MPC’s pilot plant has been utilized to help understand the chemistry surrounding gasoline sulfur and additives. A few important findings resulted from our pilot plant studies: 

• Recombinant reactions of H2S and olefins in the riser play a predominant role. 

• Sulfur species in feed and gasoline are different. 

• FCC feed sulfur compounds have different conversion reactivities. Basic nitrogen lowers the conversion. 

• This effect is apparent from FCC feed studies with nitrogen spiked components 

• Identification of where sulfur goes when removed from FCC gasoline is vital. 

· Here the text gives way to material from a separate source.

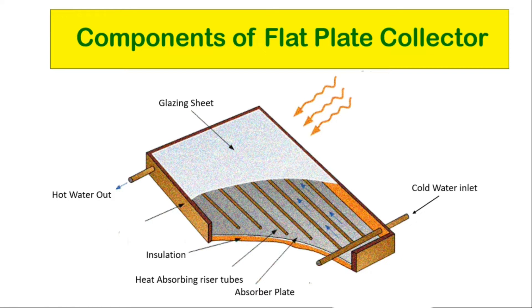Insulation reduces heat losses from inside the collector, specifically from the absorbing plate to the outside. It is usually made of synthetic foam sheet located on the sides and back of the solar panel. The casing is a container or housing that surrounds the various components and protects them from dust, moisture, etc. This enclosure is typically formed by an aluminium profile that guarantees resistance of the assembly even under extreme working conditions. The casing also has perforations for draining condensates in the lower part.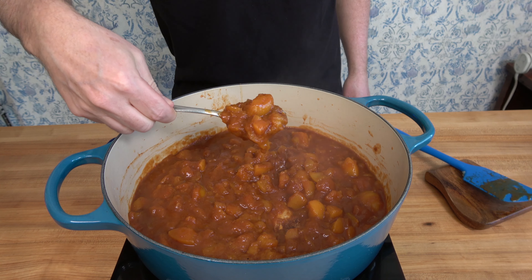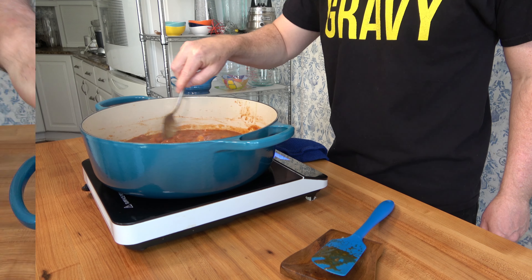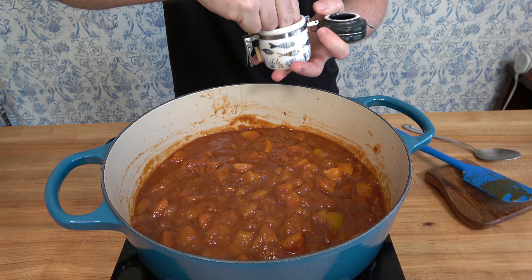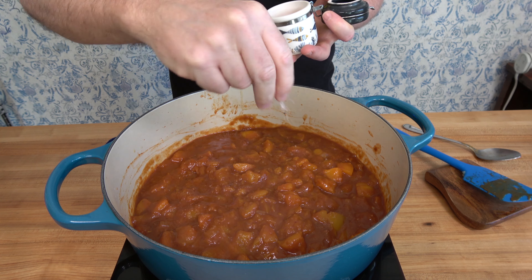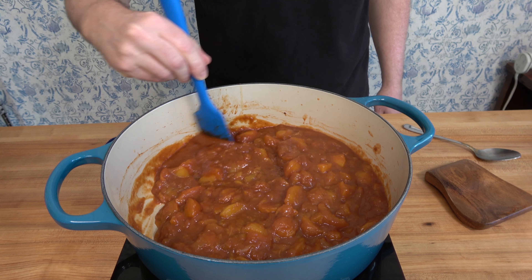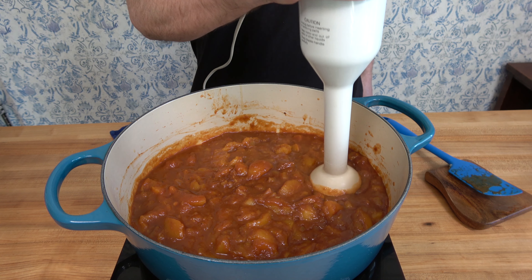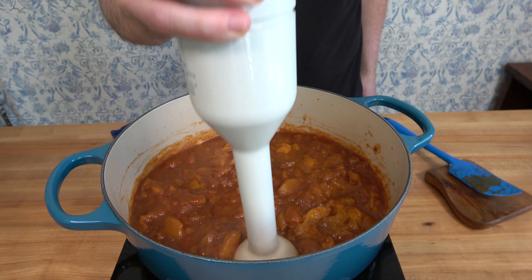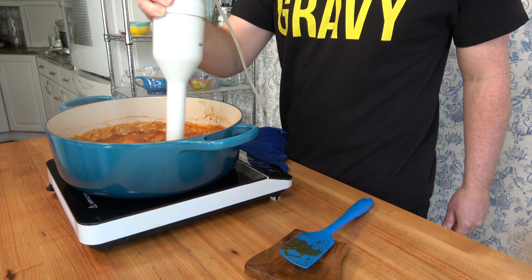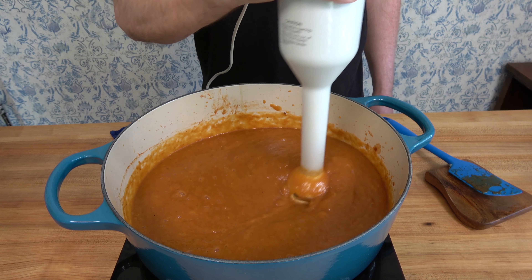That is all there is to it — throw a few ingredients together and simmer them down for about 30 minutes. Give it a taste and adjust the seasoning as necessary: add some salt, a dash of pepper, or some cayenne pepper to kick it up a notch. For the last step, to smooth it out, use an immersion blender, food processor, or regular blender. The great thing about homemade barbecue sauce is you can make it as chunky or as smooth as you like.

The majority of GSR products we have evaluated crack up feed sulfur into the different species in the product sulfur. The chart below shows the distribution with different GSR products. The majority of the gasoline sulfur goes to H2S. However, there are other technologies that can do the opposite where you can move the sulfur into coke sulfur. 

 

 

Vanadium on e-cat is an important variable affecting gasoline sulfur. The data shows the two base operations which represent a typical range of e-cat vanadium. The data points represent three GSR products from two vendors. Performance has resulted in a 20 to 25% reduction in gasoline sulfur. This unit has used a GSR additive for 10 years.

 

 

In addition, we evaluated the impact of different feeds and combinations of vendor additives in the pilot plant. An additive and catalyst system were evaluated separately and then combined. Both were based upon different technologies, and the hope was that they would be additive. This theorem was evaluated with four different feeds. The rankings will vary depending upon the feed type. However, we did not find a synergy combining vendor products. 

 

 

It is important to understand all aspects of GSR additives. Some candidates demonstrate great GSR reduction but also have a coke selectivity penalty. MPC has had success with a compromise between GSR and yields and bases decisions upon overall economics. For the case below, the pilot plant predicted a 17% reduction with a 20% reduction seen commercially. A post-audit of the yields confirmed the pilot plant prediction. 

 

 

MPC has demonstrated that a 20% gasoline sulfur reduction is possible on multiple units with different applications feeds. We have evaluated various vendor products and seen that some have worked; some have not. We found two products that we have used successfully commercially. 

 

 

Given the lack of intensive research into GSR technology and a lack of trials on units with low feed sulfurs, MPC investigated the impact of GSR additives on already low sulfur gasoline. The study utilized additives at 30 wt% since the initial driver was to see if we could get a measurable response at very low base gasoline sulfur levels. As you can see, this study demonstrated more than 25% sulfur removal at this low-range base sulfur with two different additives. A challenge in studying such small levels of gasoline sulfur is measurement of the different sulfur species, many of which are less than 1 ppm. 

 

 

MELISSA CLOUGH (BASF Corporation) 

Gasoline sulfur reduction additives are a convenient method used to get gasoline sulfur levels closer to or meeting Tier 3 standards. This is an important consideration since 90% of the naphtha sulfur typically comes from FCC naphtha. The amount of removable sulfur depends on whether or not the FCC feed is hydrotreated. With hydrotreated feed, the sulfur in the gasoline cut is typically lower, but the sulfur that remains is more difficult to remove (aromatic sulfur). On the other hand, non-hydrotreated feed contains more sulfur, but that sulfur is easier to remove. Typically, saturates, mercaptans, thiophenes, and alkylthiophenes see good or reasonable conversion to H2S or coke with the use of an additive. Benzothiophenes, although present in lower quantities than other species, have much lower conversion rates and are harder to remove. Sulfur removal from benzothiophene of 15% or less is common with an additive. Overall, when looking at the entire sulfur species in FCC naphtha, an average of about 20 to 40% reduction across the entire boiling point range can be achieved with gasoline sulfur reduction additives. Typical loading is about 15 to 25% of the base catalyst. Additives can be synergistically combined with the base catalyst formulation to minimize activity loss via dilution effects. 

 

RUSSEFF (CVR Energy, Inc.) 

First, I would ask an additional question: Did you fix the problem during your turnaround activities that led to your coarse inventory and loss of the smaller particles? There are a lot of different paths to follow. The easy answer is to discard and purchase e-cat (equilibrium catalyst) that is correct for your average particle size and minimum fluidization velocity, which we have done. We have also put in a little fresh e-cat just to compensate for the abuse that it gets from the torch oil and activity; so when we start up, we will be more optimized, in terms of our blend. 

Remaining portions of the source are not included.